![](https://mlnotebook.github.io/img/CNN/convSobel.gif)

# <p style="text-align: center;"> Table of Contents </p>
- ## 1. [Introduction](#Intro)
   - ### 1.1 [Abstract](#abstract)
- ## 2. [Understanding Convolution Operations](#Understanding_Convolution_Operations)
   - ### 2.1 [Edge Detection Example](#Edge_Detection_Example)
   - ### 2.2 [More Edge Detection](#more)
- ## 3. [Padding](#Padding)
- ## 4. [Strided Convolutions](#Strided)
- ## 5. [Convolutions Over Volume](#Convolutions)
- ## 6. [One Layer of a Convolutional Network](#One_Layer)
  - ### 6.1 [Simple Convolutional Network Example](#Simple)
- ## 7. [Pooling](#Pooling)
- ## 8. [CNN Example](#cnn)
  - ### 8.1 [Why Convolutions?](#con)
- ## 9. [A brief overview of Imitation Learning](#imi)
  - ### 9.1 [Basics of Imitation Learning](#bimi)
- ## 10. [Contribution](#Contribution)
- ## 11. [Citation](#Citation) 
- ## 12. [License](#License)

# <a id="Introduction"> 1 Introduction </a>
##   <a id='abstract'> 1.1 Abstract </a>

The main agenda of this notebook is as follow:-
- To understand the convolution operation
- To understand the pooling operation
- Remembering the vocabulary used in convolutional neural networks (padding, stride, filter, etc.)
- Building a convolutional neural network for multi-class classification in images

#   <a id='Understanding_Convolution_Operations'> 2. Understanding Convolution Operations </a>

One major problem with computer vision problems is that the input data can get really big. Suppose an image is of the size 68 X 68 X 3. The input feature dimension then becomes 12,288. This will be even bigger if we have larger images (say, of size 720 X 720 X 3).
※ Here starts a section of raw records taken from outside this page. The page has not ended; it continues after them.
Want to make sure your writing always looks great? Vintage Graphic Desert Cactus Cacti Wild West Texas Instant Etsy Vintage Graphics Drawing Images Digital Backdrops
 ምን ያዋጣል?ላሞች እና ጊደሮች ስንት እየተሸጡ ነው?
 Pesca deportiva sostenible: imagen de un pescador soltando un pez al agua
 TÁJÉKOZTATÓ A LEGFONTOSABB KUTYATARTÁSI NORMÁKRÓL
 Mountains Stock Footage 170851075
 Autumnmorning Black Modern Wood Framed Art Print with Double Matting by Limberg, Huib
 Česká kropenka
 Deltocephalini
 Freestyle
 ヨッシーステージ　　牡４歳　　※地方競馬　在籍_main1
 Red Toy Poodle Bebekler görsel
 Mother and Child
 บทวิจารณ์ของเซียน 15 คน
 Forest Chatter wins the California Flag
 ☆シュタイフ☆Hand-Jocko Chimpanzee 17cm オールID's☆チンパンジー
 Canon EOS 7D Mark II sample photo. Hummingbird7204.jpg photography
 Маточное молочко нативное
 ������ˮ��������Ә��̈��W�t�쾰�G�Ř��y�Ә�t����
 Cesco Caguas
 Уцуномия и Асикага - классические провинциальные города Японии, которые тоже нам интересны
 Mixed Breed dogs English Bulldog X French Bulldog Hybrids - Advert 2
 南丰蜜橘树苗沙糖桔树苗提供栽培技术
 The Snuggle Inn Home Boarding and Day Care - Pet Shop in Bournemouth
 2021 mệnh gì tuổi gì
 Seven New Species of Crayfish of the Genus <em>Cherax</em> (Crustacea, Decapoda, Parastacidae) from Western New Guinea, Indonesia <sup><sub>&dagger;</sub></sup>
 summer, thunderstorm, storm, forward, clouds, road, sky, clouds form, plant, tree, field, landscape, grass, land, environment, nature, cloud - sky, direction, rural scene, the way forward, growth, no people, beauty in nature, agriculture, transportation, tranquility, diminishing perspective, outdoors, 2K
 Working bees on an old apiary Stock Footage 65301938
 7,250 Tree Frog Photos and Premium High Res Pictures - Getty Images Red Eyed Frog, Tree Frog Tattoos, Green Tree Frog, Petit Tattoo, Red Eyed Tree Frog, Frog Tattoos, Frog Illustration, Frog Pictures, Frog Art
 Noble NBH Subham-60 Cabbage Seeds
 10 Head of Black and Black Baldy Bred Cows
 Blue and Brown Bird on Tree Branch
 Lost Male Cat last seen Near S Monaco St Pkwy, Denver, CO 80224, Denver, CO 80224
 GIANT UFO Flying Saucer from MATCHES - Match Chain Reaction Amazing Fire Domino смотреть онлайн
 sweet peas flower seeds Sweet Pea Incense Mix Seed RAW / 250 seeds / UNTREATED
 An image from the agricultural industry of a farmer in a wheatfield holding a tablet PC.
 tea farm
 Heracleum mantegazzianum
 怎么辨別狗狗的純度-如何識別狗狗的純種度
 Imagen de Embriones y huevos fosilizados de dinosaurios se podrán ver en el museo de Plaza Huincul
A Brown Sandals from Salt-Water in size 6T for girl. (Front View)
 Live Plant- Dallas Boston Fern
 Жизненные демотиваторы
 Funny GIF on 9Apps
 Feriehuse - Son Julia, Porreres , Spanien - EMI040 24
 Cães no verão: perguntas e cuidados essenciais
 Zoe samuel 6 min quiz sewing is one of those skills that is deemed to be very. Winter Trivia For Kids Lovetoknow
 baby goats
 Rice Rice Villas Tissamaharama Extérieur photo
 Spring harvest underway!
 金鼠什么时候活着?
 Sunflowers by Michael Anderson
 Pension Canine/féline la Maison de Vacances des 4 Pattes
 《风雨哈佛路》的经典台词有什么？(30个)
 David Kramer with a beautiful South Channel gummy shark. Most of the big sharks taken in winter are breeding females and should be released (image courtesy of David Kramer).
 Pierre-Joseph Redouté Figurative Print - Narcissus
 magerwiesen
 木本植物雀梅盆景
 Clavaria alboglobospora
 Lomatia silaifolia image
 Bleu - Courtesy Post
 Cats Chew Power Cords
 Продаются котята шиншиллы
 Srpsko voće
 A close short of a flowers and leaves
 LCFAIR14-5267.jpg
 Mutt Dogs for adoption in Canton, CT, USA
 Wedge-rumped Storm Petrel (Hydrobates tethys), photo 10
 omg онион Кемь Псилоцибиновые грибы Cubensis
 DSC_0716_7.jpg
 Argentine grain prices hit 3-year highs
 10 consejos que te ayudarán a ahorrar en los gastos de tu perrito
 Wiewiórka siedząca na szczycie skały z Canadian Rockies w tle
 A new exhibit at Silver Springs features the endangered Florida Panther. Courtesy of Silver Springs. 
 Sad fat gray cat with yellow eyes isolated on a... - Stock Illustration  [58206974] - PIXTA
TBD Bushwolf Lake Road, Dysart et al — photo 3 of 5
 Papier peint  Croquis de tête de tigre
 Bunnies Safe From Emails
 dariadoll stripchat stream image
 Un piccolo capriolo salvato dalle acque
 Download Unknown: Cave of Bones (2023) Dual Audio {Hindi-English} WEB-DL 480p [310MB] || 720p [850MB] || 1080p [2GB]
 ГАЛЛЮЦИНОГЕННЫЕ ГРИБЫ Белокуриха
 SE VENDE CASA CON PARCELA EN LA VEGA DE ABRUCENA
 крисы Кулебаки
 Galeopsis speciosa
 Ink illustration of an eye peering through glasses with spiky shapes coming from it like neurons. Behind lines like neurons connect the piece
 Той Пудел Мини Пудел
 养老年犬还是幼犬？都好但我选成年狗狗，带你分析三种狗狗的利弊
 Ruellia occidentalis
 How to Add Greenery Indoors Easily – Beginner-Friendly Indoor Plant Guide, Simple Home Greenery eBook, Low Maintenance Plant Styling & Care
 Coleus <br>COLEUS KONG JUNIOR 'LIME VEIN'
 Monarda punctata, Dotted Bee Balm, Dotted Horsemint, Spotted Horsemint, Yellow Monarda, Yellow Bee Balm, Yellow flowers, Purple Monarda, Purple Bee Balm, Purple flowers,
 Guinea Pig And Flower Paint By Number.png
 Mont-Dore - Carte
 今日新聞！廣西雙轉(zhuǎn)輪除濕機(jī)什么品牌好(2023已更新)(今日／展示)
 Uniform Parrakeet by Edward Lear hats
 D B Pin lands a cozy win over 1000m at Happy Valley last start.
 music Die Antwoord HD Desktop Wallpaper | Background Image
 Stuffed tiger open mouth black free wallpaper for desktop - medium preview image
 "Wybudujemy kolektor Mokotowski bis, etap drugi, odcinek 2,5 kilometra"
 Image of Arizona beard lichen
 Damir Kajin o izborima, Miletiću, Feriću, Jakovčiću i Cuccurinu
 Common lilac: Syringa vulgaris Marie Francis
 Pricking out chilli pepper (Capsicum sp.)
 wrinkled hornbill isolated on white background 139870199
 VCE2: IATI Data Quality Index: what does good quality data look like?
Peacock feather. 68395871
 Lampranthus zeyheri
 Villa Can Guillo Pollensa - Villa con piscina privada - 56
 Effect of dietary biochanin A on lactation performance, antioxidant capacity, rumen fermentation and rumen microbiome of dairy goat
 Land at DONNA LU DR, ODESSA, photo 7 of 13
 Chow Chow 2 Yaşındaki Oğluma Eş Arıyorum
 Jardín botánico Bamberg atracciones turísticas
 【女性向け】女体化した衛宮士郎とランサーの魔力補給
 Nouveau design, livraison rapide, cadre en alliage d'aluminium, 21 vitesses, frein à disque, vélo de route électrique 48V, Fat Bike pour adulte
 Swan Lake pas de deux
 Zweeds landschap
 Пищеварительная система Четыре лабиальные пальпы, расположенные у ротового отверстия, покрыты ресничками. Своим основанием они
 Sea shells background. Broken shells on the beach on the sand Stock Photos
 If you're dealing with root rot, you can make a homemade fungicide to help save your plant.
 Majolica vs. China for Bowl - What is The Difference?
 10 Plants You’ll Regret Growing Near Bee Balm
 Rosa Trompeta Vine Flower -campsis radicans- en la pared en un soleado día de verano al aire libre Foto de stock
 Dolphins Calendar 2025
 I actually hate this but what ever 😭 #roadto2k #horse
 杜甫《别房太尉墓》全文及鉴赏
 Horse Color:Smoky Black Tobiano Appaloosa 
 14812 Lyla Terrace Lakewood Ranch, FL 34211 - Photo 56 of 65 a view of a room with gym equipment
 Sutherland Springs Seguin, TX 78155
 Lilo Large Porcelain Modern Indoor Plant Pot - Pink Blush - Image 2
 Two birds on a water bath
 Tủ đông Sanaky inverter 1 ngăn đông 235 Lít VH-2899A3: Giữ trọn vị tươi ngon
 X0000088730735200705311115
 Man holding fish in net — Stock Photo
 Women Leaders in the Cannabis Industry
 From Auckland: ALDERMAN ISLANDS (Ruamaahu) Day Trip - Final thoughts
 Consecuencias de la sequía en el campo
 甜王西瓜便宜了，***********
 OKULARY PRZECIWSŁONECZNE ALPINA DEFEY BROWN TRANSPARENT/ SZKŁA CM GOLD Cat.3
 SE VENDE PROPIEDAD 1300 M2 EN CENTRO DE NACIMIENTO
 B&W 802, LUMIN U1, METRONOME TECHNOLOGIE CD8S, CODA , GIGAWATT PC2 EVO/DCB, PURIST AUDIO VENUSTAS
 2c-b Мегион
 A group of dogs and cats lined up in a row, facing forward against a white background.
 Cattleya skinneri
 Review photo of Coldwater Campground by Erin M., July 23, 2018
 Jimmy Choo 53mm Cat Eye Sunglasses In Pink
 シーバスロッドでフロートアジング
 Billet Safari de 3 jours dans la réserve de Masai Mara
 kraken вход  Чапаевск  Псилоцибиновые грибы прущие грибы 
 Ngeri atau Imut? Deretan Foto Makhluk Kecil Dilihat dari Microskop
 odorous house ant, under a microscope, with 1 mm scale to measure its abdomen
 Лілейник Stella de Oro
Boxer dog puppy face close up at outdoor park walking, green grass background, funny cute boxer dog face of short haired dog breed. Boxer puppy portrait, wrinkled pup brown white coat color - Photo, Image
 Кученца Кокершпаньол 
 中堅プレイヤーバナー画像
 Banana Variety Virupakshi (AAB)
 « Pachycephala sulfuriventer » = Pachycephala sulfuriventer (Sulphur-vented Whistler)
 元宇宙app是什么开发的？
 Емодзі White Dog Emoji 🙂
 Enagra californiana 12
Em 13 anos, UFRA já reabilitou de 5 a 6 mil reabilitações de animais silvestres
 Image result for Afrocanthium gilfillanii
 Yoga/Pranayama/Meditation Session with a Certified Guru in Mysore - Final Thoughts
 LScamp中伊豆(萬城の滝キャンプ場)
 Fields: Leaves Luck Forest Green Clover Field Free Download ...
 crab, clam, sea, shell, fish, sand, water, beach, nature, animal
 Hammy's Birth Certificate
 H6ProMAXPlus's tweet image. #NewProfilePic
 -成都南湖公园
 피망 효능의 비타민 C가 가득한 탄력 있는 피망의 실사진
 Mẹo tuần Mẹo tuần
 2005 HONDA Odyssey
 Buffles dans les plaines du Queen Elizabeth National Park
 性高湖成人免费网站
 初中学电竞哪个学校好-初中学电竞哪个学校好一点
Now, if we pass such a big input to a neural network, the number of parameters will swell up to a HUGE number (depending on the number of hidden layers and hidden units). This will result in more computational and memory requirements – not something most of us can deal with.

#### We will explain the Convolution Operation by an example

## <a id="Edge_Detection_Example"> 2.1. Edge Detection Example </a>

The early layers of a neural network detect edges from an image. Deeper layers might be able to detect the cause of the objects and even more deeper layers might detect the cause of complete objects (like a person’s face).

In this section, we will focus on how the edges can be detected from an image. Suppose we are given the below image:

![](images/1.png)

As you can see, there are many vertical and horizontal edges in the image. The first thing to do is to detect these edges:

![](images/2.png)

Next, we convolve this 6 X 6 matrix with a 3 X 3 filter:
![](images/3.png)

After the convolution, we will get a 4 X 4 image. The first element of the 4 X 4 matrix will be calculated as:

![](images/4.png)

So, we take the first 3 X 3 matrix from the 6 X 6 image and multiply it with the filter. Now, the first element of the 4 X 4 output will be the sum of the element-wise product of these values, i.e. 3*1 + 0 + 1*-1 + 1*1 + 5*0 + 8*-1 + 2*1 + 7*0 + 2*-1 = -5. To calculate the second element of the 4 X 4 output, we will shift our filter one step towards the right and again get the sum of the element-wise product:

![](images/5.png)

Similarly, we will convolve over the entire image and get a 4 X 4 output:

![](images/6.png)

So, convolving a 6 X 6 input with a 3 X 3 filter gave us an output of 4 X 4. Consider one more example:

![](images/7.png)

## <a id="More"> 2.2. More Edge Detection </a>

The type of filter that we choose helps to detect the vertical or horizontal edges. We can use the following filters to detect different edges:

![](images/8.png)

Some of the commonly used filters are:

![](images/9.png)

The Sobel filter puts a little bit more weight on the central pixels. Instead of using these filters, we can create our own as well and treat them as a parameter which the model will learn using backpropagation.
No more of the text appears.